THE BIG GOAL:  You have heard it over and over, that we need the private employee benefit health system to work smoothly and make common sense to users and public opinion.  It is also ERISA fiduciary duty to provide the cures/services that the plan language & SPD lead a plan participant to reasonably expect.   So, if a person has an arm problem, the plan participant can reasonably expect it to be covered.  If the doctor says that an on-label or traditional treatment is the way to treat that arm, then that is presumably covered.  If plans and Stop-Loss start parsing language minutely, they will be seen as making "medical decisions" (which non-doctors are presumed to not be as capable of making as the attending physician), and the patient & employer are going to feel cheated of what their doctor feels is best.   That leaves the TPA and the Stop-Loss looking mean or uninformed.  This is a simplistic description, but you get the picture.  We need public opinion to be happy with the private health benefits system.   You saw how the media tore down the HMO industry by taking examples of certain services being denied or not paid.  It became front page emotional news and rekindled the political talk about ending the private system.  So, the overall goal (for self-preservation) is to be sure our system provides what the customer reasonably expects.

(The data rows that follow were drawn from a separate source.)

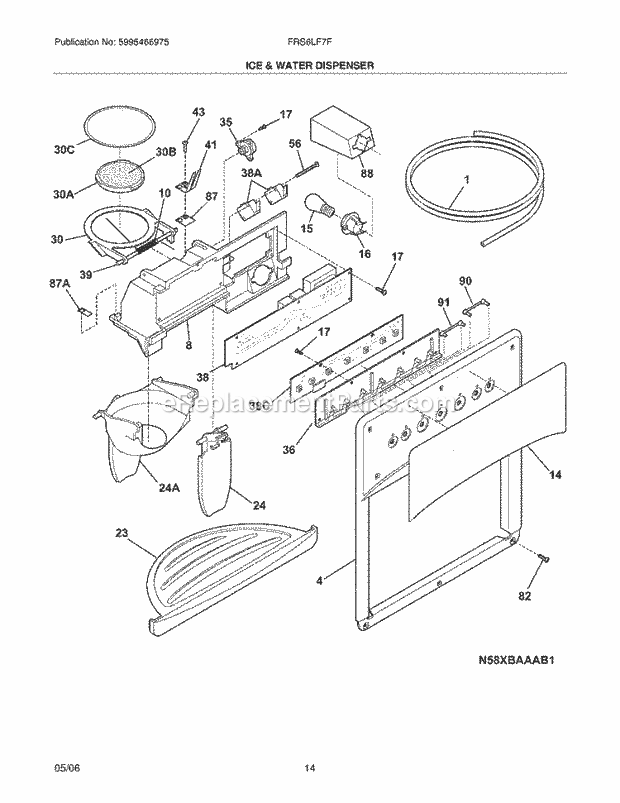 Frigidaire FRS6LF7FB3 Side-By-Side Refrigerator Ice & Water Dispenser Diagram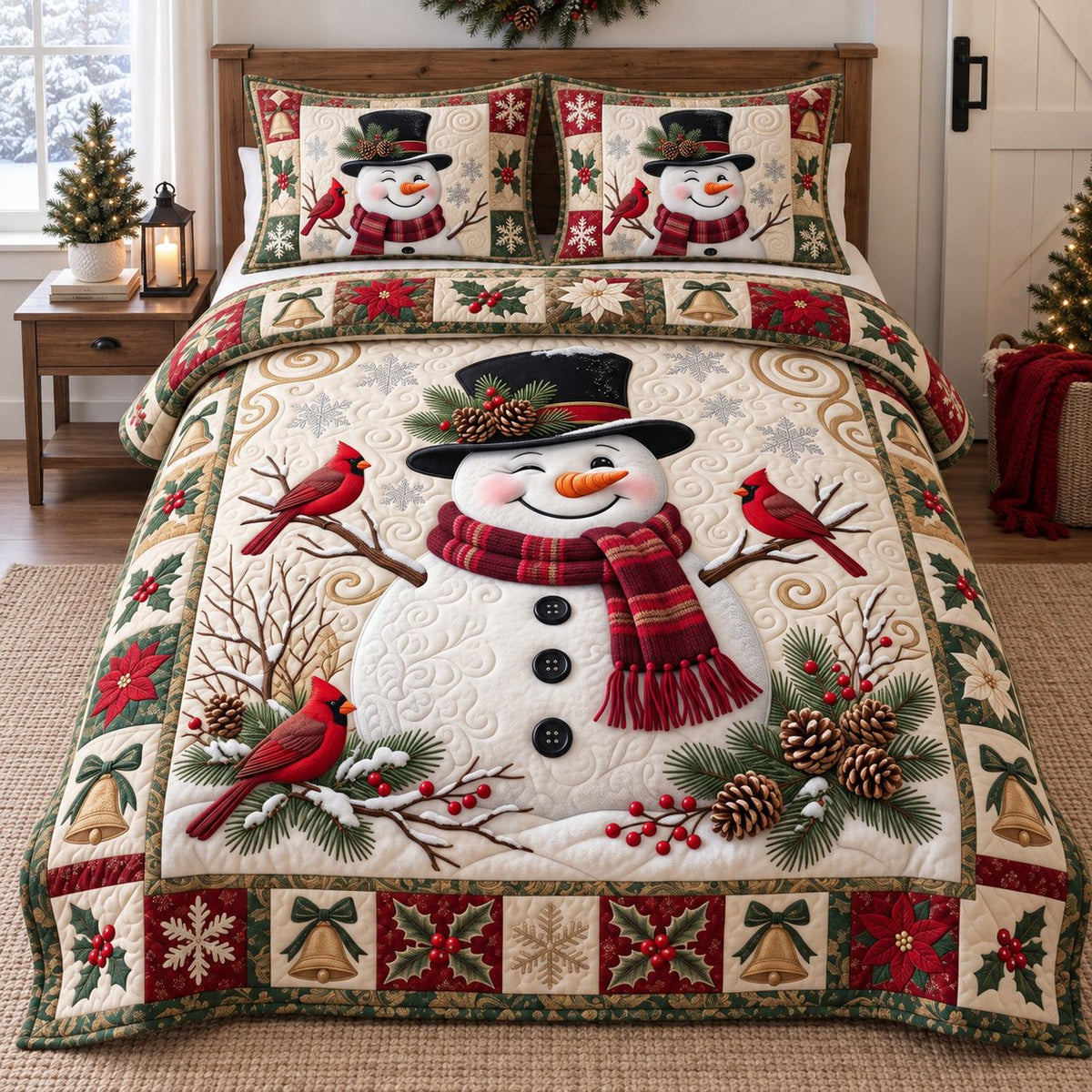 Cardinal Snowman quilted 3-piece bedding set on a made bed in a winter-styled bedroom
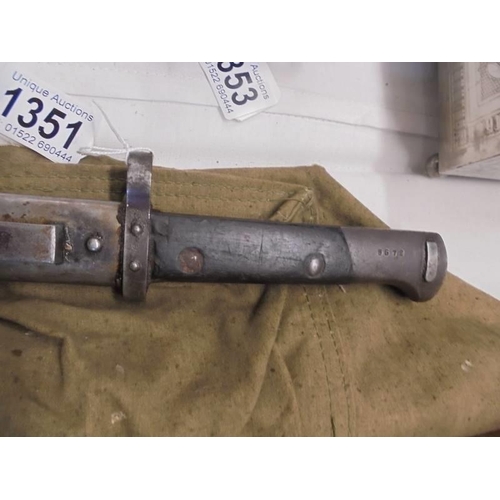 1351 - A WW2 Czech bayonet for a Mauser.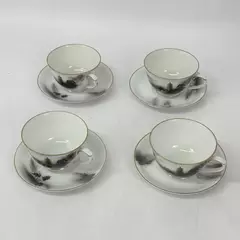 Set of 4 vintage Fukagawa Arita Landscape Cup And Saucer Sets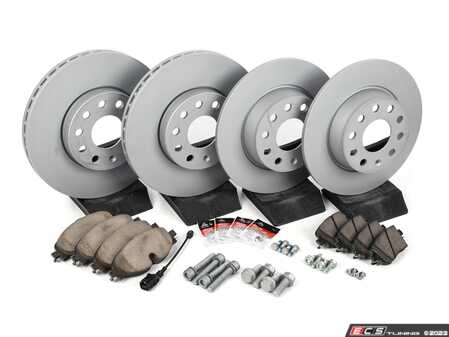 ES#4145033 - 5c061530ktKT - Front & Rear Brake Service Kit - Featuring Zimmermann rotors and ECS DD23 "Daily Driver" ceramic pads. - Assembled By ECS - Volkswagen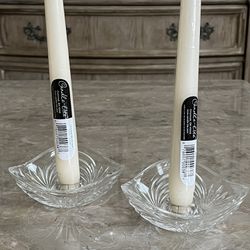 Set of 2 - Clear Glass Cut Tapered Candle Holders (Candles Not Included)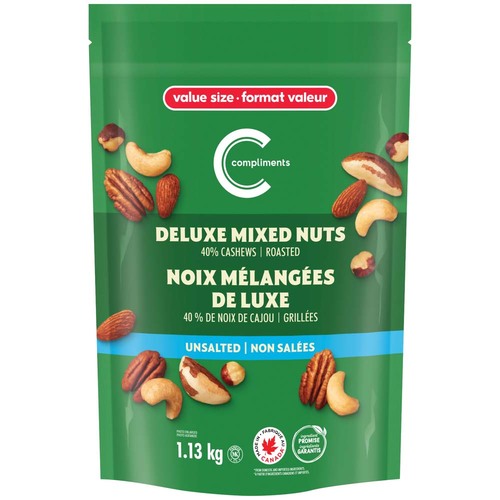 Compliments Unsalted Deluxe Mixed Nuts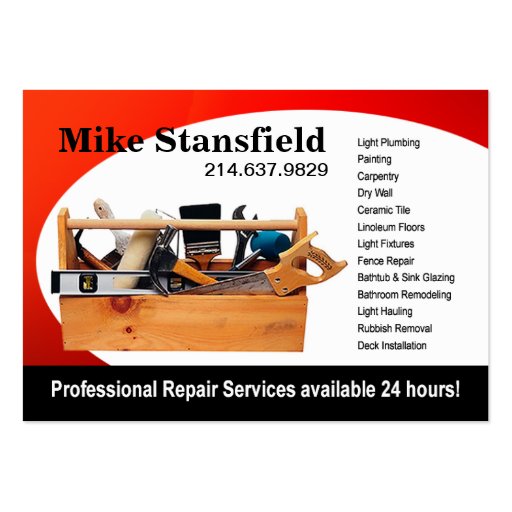 Home Repair Handyman Business Card (front side)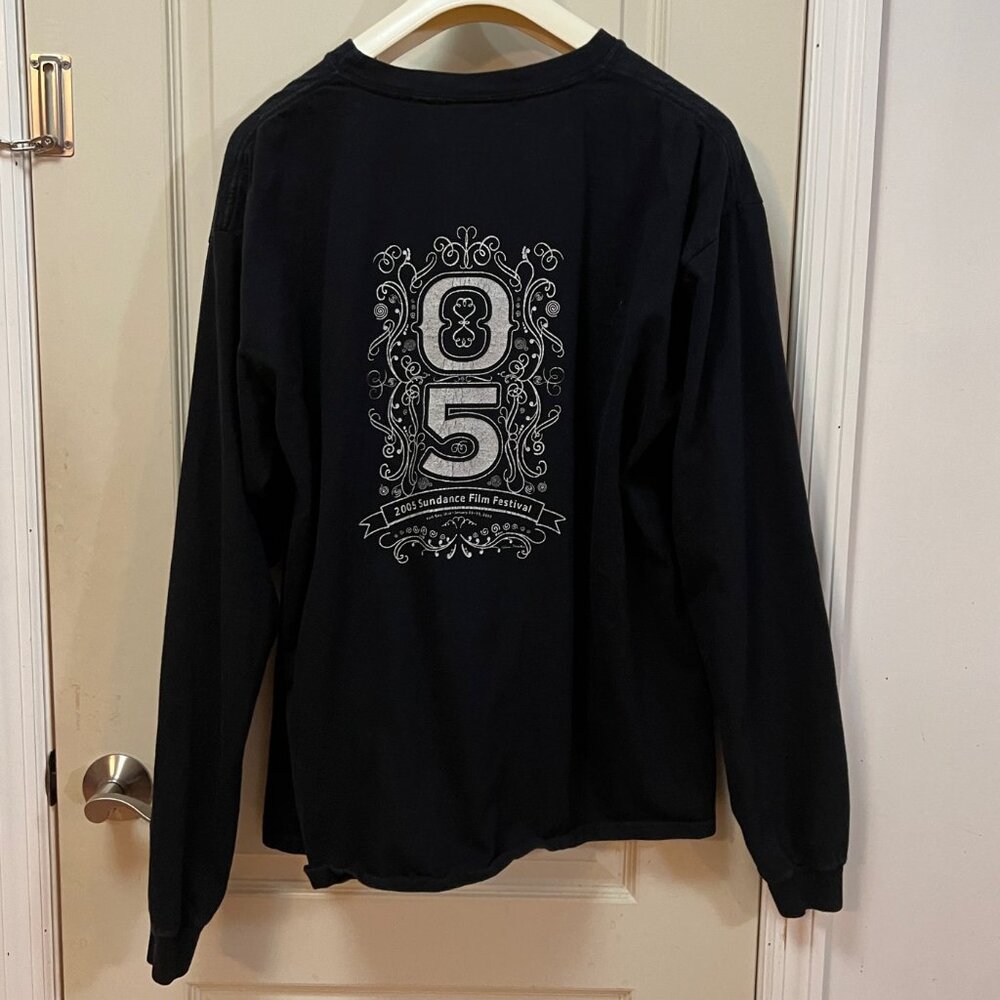 SDI Men's S XL 100% Cotton L/S Crew Neck Vintage Sundance T-Shirt. Black/Silver - Picture 4 of 5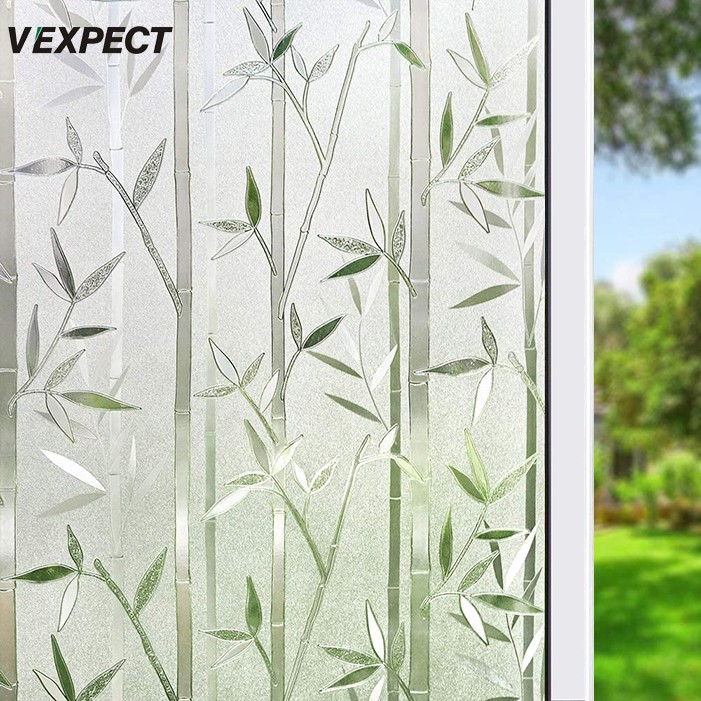 Window Film Sticker Privacy, Bamboo Decorative Glass Film, Removable Static Window Clings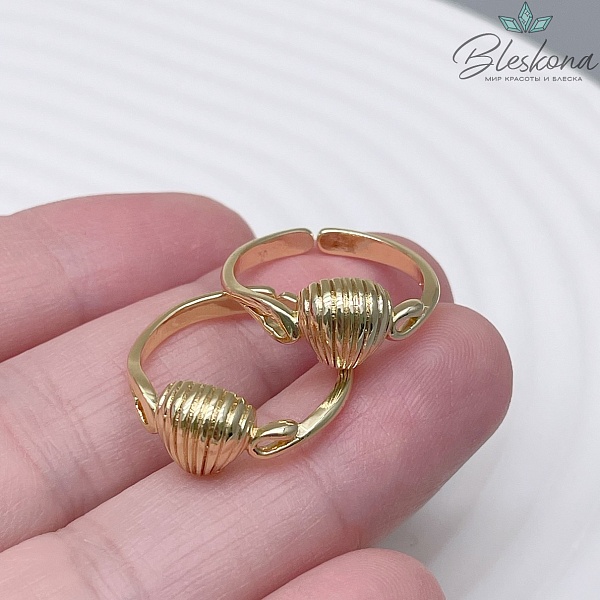 19 мм, цвет золото, Кольцо безразмерное ракушка 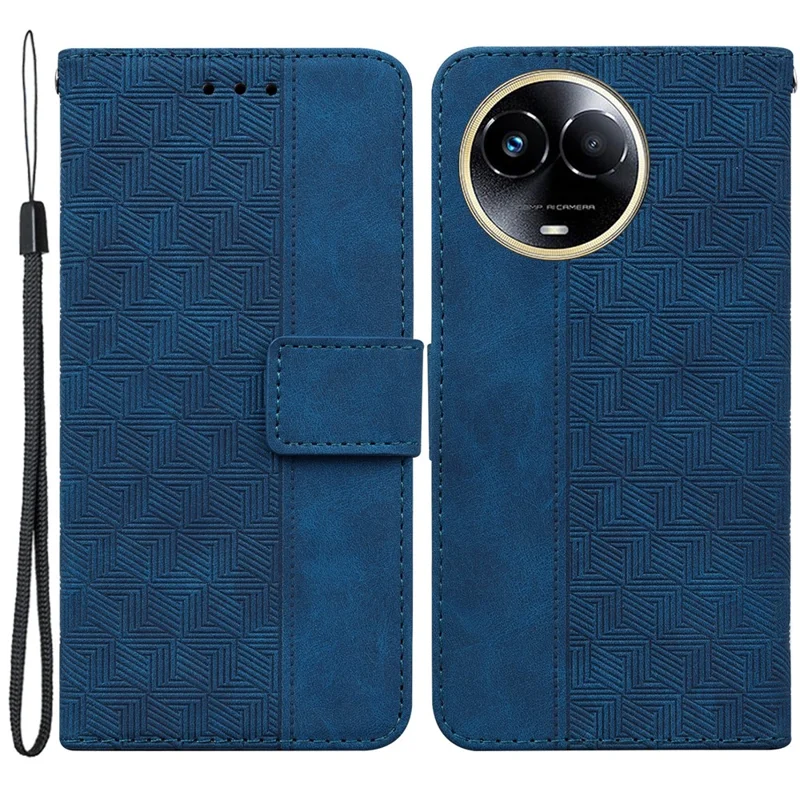 Geometry Imprinted Phone Case for Realme 11x 5G / 11 5G (Global) , Wallet PU Leather Stand Phone Cover - Blue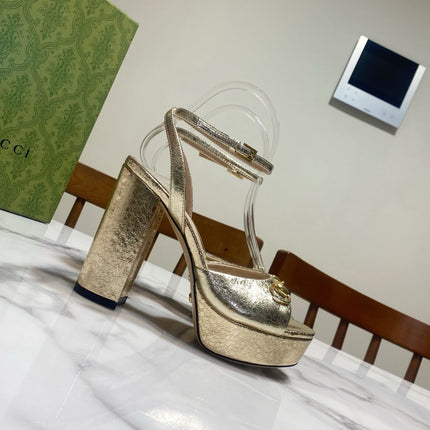 GUCCI 26S HIGH-HEELED SANDALS 105 MM IN LIGHT GOLD CALFSKIN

LEGAL NOTE: This issue is now appearing in the courts, so lawyers will have more traction to drag plans & TPAs into litigation.  The Medicare Rights center is suing CMS for Part D denial of coverage for enrollees' use of off-label prescriptions.  It is currently called Layzer v. Leavitt in the US District Court of the Southern District of NY.  This specific case deals mostly with details of Medicare law., but I just mention it because the justifications for the explanations & justifications for off-label use (such as described in this article), will probably become the norm to show that off-label is not unusual or experimental.  For example, it says that 20% of prescriptions for the 500 most commonly used drugs are used for off-label purposes.  So, be careful and be prepared or you may have patients, doctors, employers and judges second-guessing you in expensive time-consuming litigation.